The range runs from the line containing "Hey there, I'm" through the last line of the material below; retype it exactly, leaving out the pictures.

[Opening PROVIDED MATERIAL section]

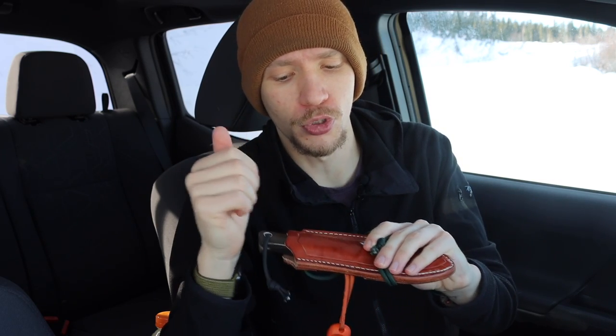Bark River is also, in my opinion, one of the more innovative companies out there. The BRK Bushcrafter is about 10 years old or older, and it uses CPM 3V — a steel that is only just now really becoming readily accessible. Only in the past two to three years have you started to see more bushcrafting and survival-oriented knives featuring steels like CPM 3V and other upper-end steels. They are pushing the limits constantly and making really solid, awesome designs.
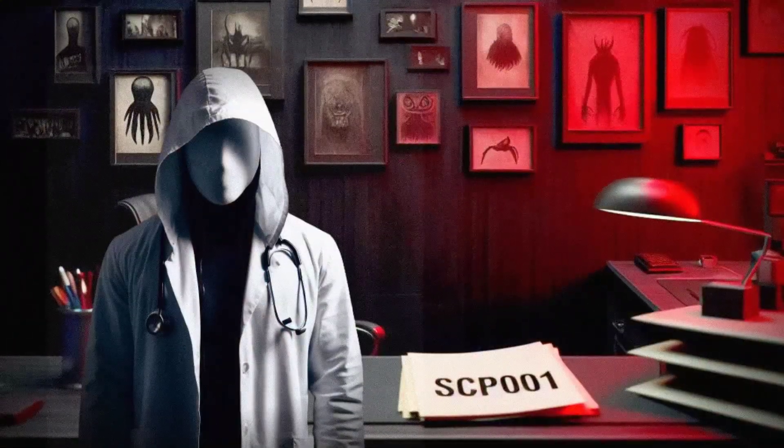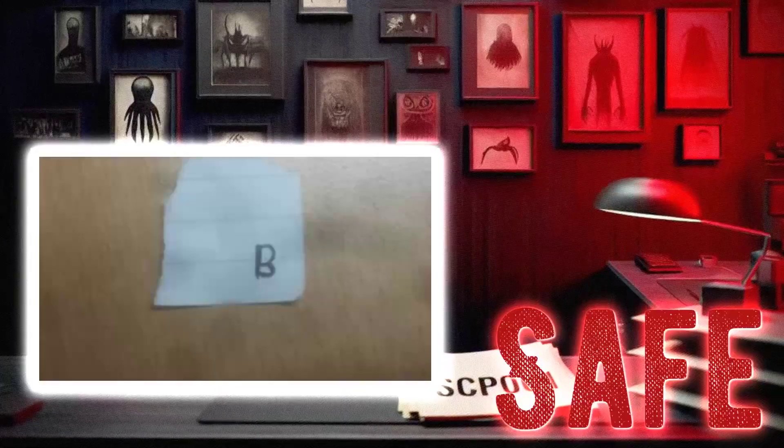Hey there, I'm Dr. Ethan, and today we're going to be talking about SCP-2262, the Maddening Font. This particular SCP falls under the object class of Safe, but don't let that fool you — it's got some pretty interesting properties. So let's dive in and see what makes this font so maddening, shall we?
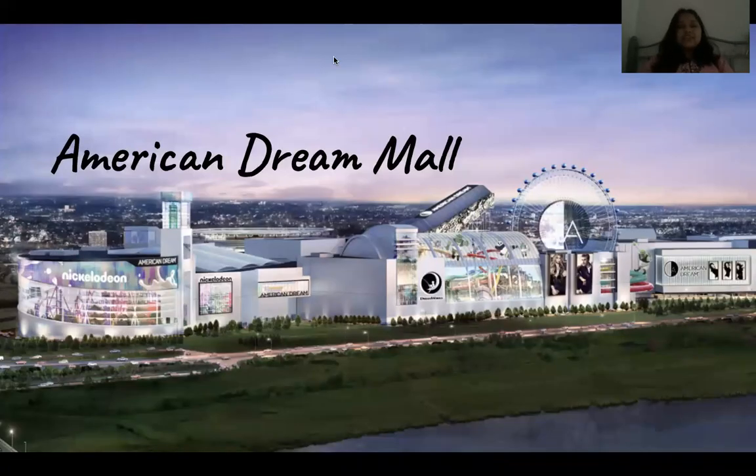Hey everybody! Today's travel talk video is going to be on American Dream Mall, which is located in New Jersey. It is a mall that has indoor amusement parks, and I've recently been there and I thought about sharing my experience with you guys.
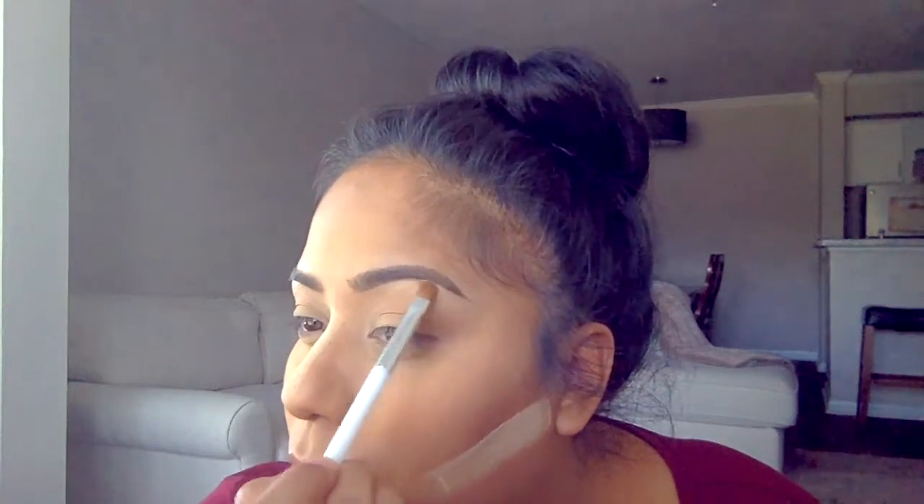Going back in and cleaning up my contour using my loose powder. To brighten up our eyes, I'm going to be using this fancy highlighter and I'm going to be applying that to my brow bone and my tear duct.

[Closing PROVIDED MATERIAL section]

> [ANSWER SPACE]:
Hey there, I'm Dr. Ethan, and today we're going to be talking about SCP-2262, the Maddening Font. This particular SCP falls under the object class of Safe, but don't let that fool you — it's got some pretty interesting properties. So let's dive in and see what makes this font so maddening, shall we?
Hey everybody! Today's travel talk video is going to be on American Dream Mall, which is located in New Jersey. It is a mall that has indoor amusement parks, and I've recently been there and I thought about sharing my experience with you guys.
Going back in and cleaning up my contour using my loose powder. To brighten up our eyes, I'm going to be using this fancy highlighter and I'm going to be applying that to my brow bone and my tear duct.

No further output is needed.